The praefect or warden of the city of Rome. He was originally called Custos Urbis (Lydus, De Magistr. i. 34, 38). The name praefectus urbi does not seem to have been used till after the time of the decemvirs. The dignity of custos urbis, being combined with that of princeps senatus, was conferred in early times by the king, as he had to appoint one of the decem primi as princeps senatus. The functions of the custos urbis, however, were not exercised except in the absence of the king from Rome; and then he acted as the representative of the king. He convoked the Senate, held the Comitia, if necessary, and on any emergency might take such measures as he thought proper; in short, he had the imperium in the city (Tac. Ann. vi. 11). During the kingly period, the office of custos urbis was probably for life. Under the Republic, the office and the title custos urbis remained unaltered; but in B.C. 487 it was elevated into a magistracy, to be bestowed by election. The custos urbis was, in all probability, elected by the curiae. Persons of consular rank alone were eligible. In the early years of the Republic the custos urbis exercised within the city all the powers of the consuls if they were absent; he convoked the Senate, held the Comitia, and, in times of war, even levied civic legions, which were commanded by him. When the office of praetor urbanus was instituted, the wardenship of the city was merged in it (Lydus, De Mens. 19); but as the Romans, by reason of their extreme conservatism, were at all times averse to dropping altogether any of their old institutions, a praefectus urbi, though a mere shadow of the former office, was henceforth appointed every year, only for the time that the consuls were absent from Rome for the purpose of celebrating the Feriae Latinae. This praefectus had neither the power of convoking the Senate nor the right of speaking in it; in most cases he was a person below the senatorial age, and was not appointed by the people, but by the consuls.
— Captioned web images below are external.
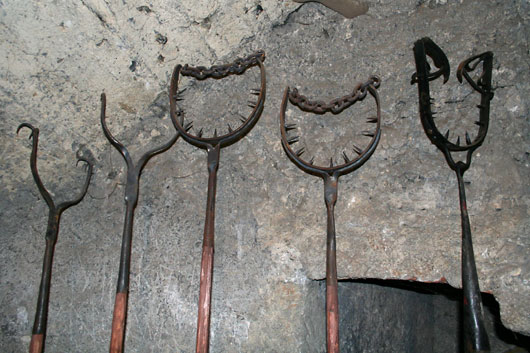 Tools for guiding prisoners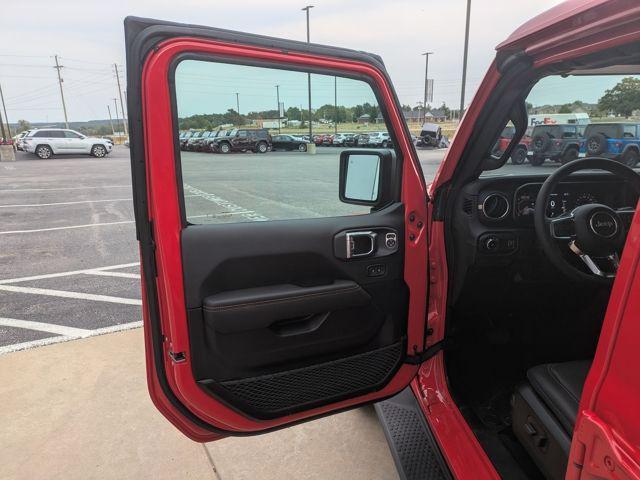 new 2025 Jeep Wrangler car, priced at $51,875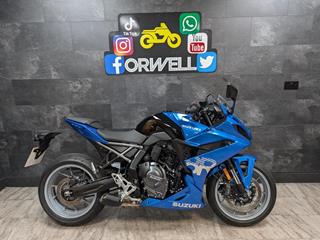 SUZUKI GSX-8R 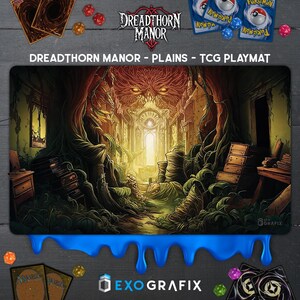Puede incluir: Un tapete de juego TCG de temática fantástica con un edificio en ruinas cubierto de enredaderas y árboles. El tapete de juego tiene un borde azul y el texto "Dreadthorn Manor - Plains - TCG Playmat" en la parte superior.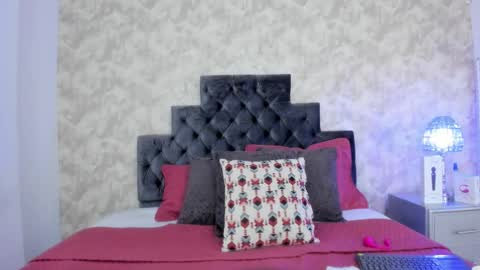 Elizabeth online show from December 15, 9:08 pm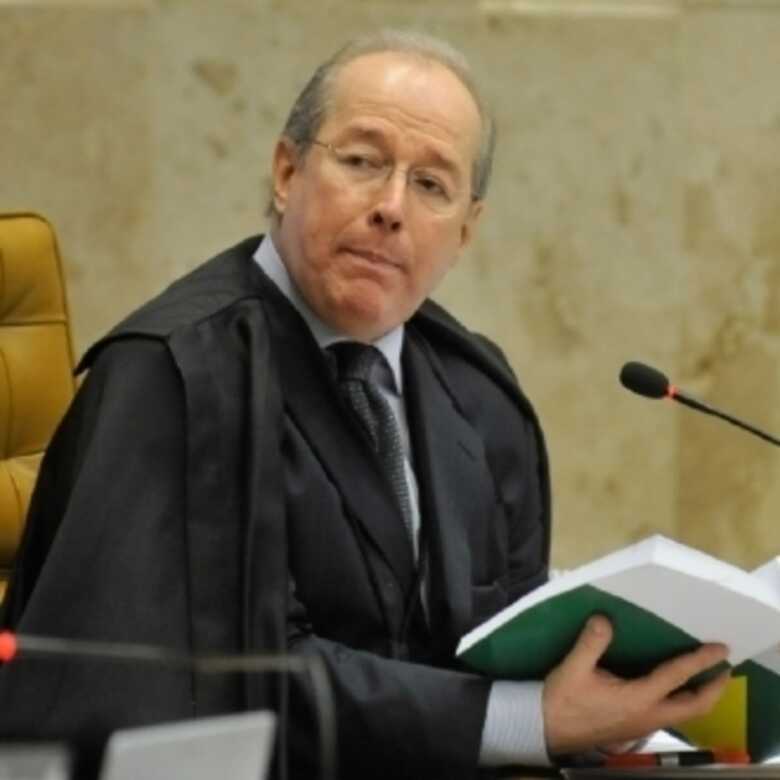 Celso de Mello diz que não cederá a pressões em recursos sobre novo julgamento. (Foto: José Cruz/ABr)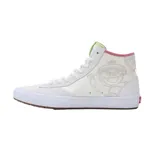 Championes de caña alta Vans modelo Lizzie, en colaboración con Sesame Street. Presentan un diseño en color blanco con detalles bordados de Elmo en el lateral, ribetes en color rosado y verde, y un dije colgante de peluche azul con forma de letra L.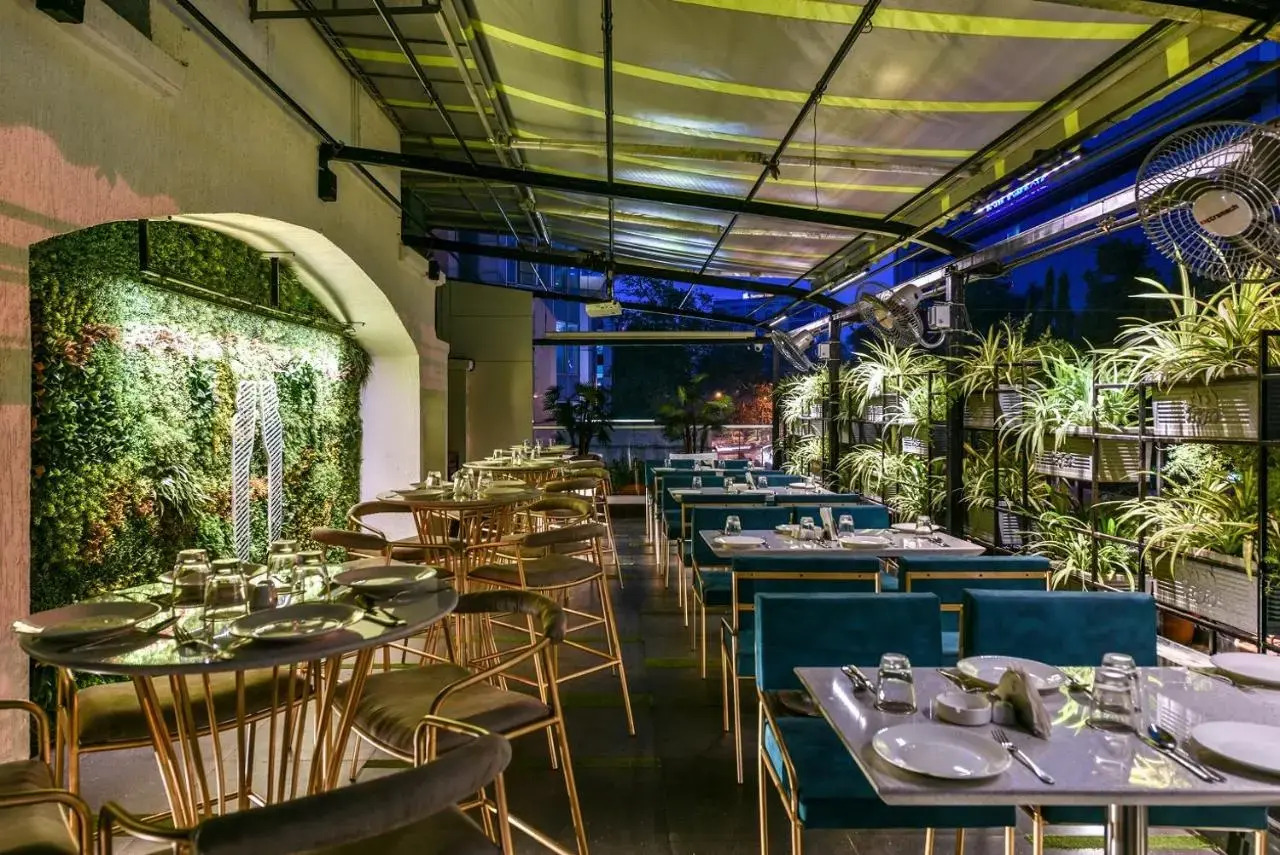 Foto - The Paradise By Tunga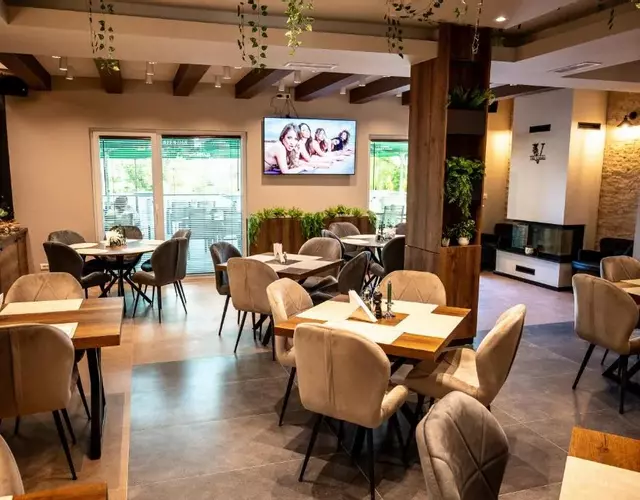 Villa Vratnica - Restaurant & Apartments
An office very different from this, though bearing the same name, was instituted by Augustus on the suggestion of Maecenas. This new Praefectus Urbi was a regular and permanent magistrate, whom Augustus invested with all the powers necessary to maintain peace and order in the city. He had the superintendence of butchers, bankers, guardians, theatres, etc.; and to enable him to exercise his power he had distributed throughout the city a number of milites stationarii, whom we may compare to modern police. (See Vigiles.) His jurisdiction, however, became gradually extended; and as the powers of the ancient republican Praefectus Urbi had been swallowed up by the office of the Praetor Urbanus, so now the power of the Praetor Urbanus was gradually absorbed by that of the Praefectus Urbi; and at last there was no appeal from his sentence, except to the person of the princeps himself, while any one might appeal from the sentence of any other city magistrate, and, at a later period, even from that of a governor of a province, to the tribunal of the Praefectus Urbi. Under the Eastern Empire, there was a Praefectus Urbi for the city of Constantinople as well as for Rome (Symmach. Epist. x. 37).